The importer said it has contacted exporters from Brazil and New Zealand and the signing of import contracts is under discussion, though it is impeded by the coronavirus.

"If the tension between China and Australia continues to escalate, Australia will lose a large share of its China market, as the country has started to diversify where it sources agricultural products from," Hu Qimu, a senior fellow at the Sinosteel Economic Research Institute, told the Global Times on Monday.

Hu noted that China has increased agricultural imports from the US under the two countries' phase one trade deal, which has squeezed some of Australia's market share. 

China slapped a heavy antidumping tariff in May on Australian exporters of barley for five years.

As one of Australia's biggest barley importers, China accounted for nearly 50 percent of its exports.

Some Chinese consumers' boycott against Australian agricultural products is poised to benefit New Zealand, whose geographic and weather conditions are similar to that of Australia and therefore have a certain level of overlaps with its neighbor in terms of main export products, Wang Jiazheng, chief representative of the Guangdong Economic and Trade Representative Office in New Zealand (GETRONZ), told the Global Times on Monday.

An agricultural analyst surnamed Ma also said that products of the two neighbors are highly substitutable due to similar geographical location and climate.

"New Zealand cannot take all of Australia's share in China as global competitors are eyeing the Chinese market, but it will definitely take some share," Ma told the Global Times on Sunday.

China imported $2.27 billion worth of dairy products, eggs and honey from New Zealand in the first half of the year, while imports of the same products from Australia totaled $259.2 million, according to Chinese customs.

New Zealand has two things that Australia does not: mountains and rain, making its strengths lie in livestock, forestry and orchards, Long Hao, director of the New Zealand-listed AFC Group Holding whose business includes agricultural trade, told the Global Times on Sunday.

"AFC Group's total exports of dairy, honey, wine and facial masks for the first five months of 2020 increased by almost 25 percent year-on-year, with the largest increase in facial masks, despite an overall decline due to the coronavirus," Long said.

Addressing the China Business Summit on July 20 in Auckland, New Zealand Prime Minister Jacinda Ardern said that "China is New Zealand's largest trading partner and one of our most important relationships."

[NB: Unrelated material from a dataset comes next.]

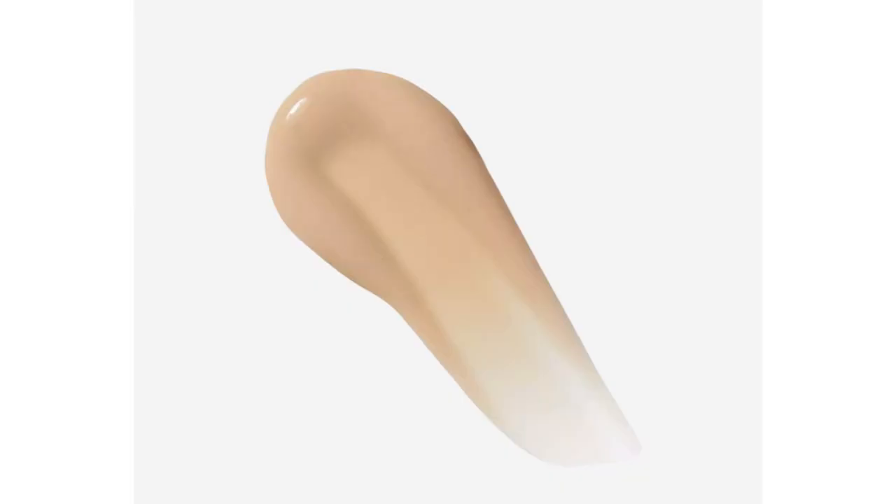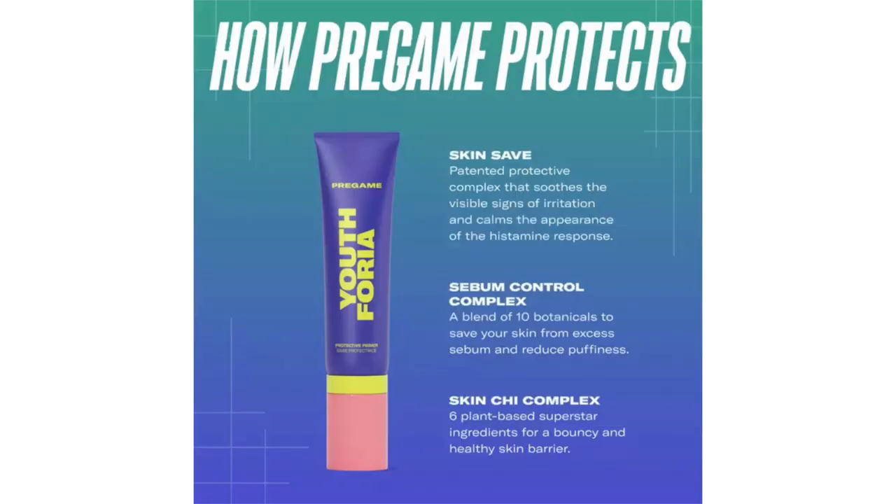I purchased this at Ulta and it was $38. Some of the claims: it's an emollient formula that is supposed to hold makeup in place, stop moisture from escaping — which is like an insurance for your skincare. It is supposed to feel like you're wearing nothing at all, work for all different skin types, and is loaded with a lot of skincare actives. It can be worn alone, under makeup, or mixed with skin tints, and it is cruelty-free and vegan.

China has noted relevant reports and appreciate the remarks which show that the New Zealand government attaches importance to developing relations with China. Sound and steady development of bilateral relations serves the fundamental interests of both countries and peoples, said Wang Wenbin, spokesperson of the Foreign Ministry on July 21.

The chief representative of GETRONZ also said that New Zealand has been building close political and economic relations with China, so it is vital that the two economies maintain such ties amid fraying China-Australia relations. 

Trade between China and New Zealand reached $18.29 billion in 2019, up 8.5 percent from a year earlier, according to Chinese customs. 

According to data sent by Wang Jiazheng, China accounts for one third of New Zealand's dairy product exports in pre-coronavirus period. In 2019, a total of 23 percent New Zealand's exports went to China, while China also represents 16 percent of New Zealand's imports.

China is now New Zealand's largest trading partner, and the second-largest and fastest growing tourism market, largest source of international students, and a significant source of foreign investment, according to a statement by the New Zealand Ministry Foreign Affairs and Trade in November 2019.

Under the situation of closer ties between China and New Zealand and with an upgraded free trade agreement as well as tension between China and Australia, New Zealand's agricultural exports to China will increase by a large margin, Wang Jiazheng said.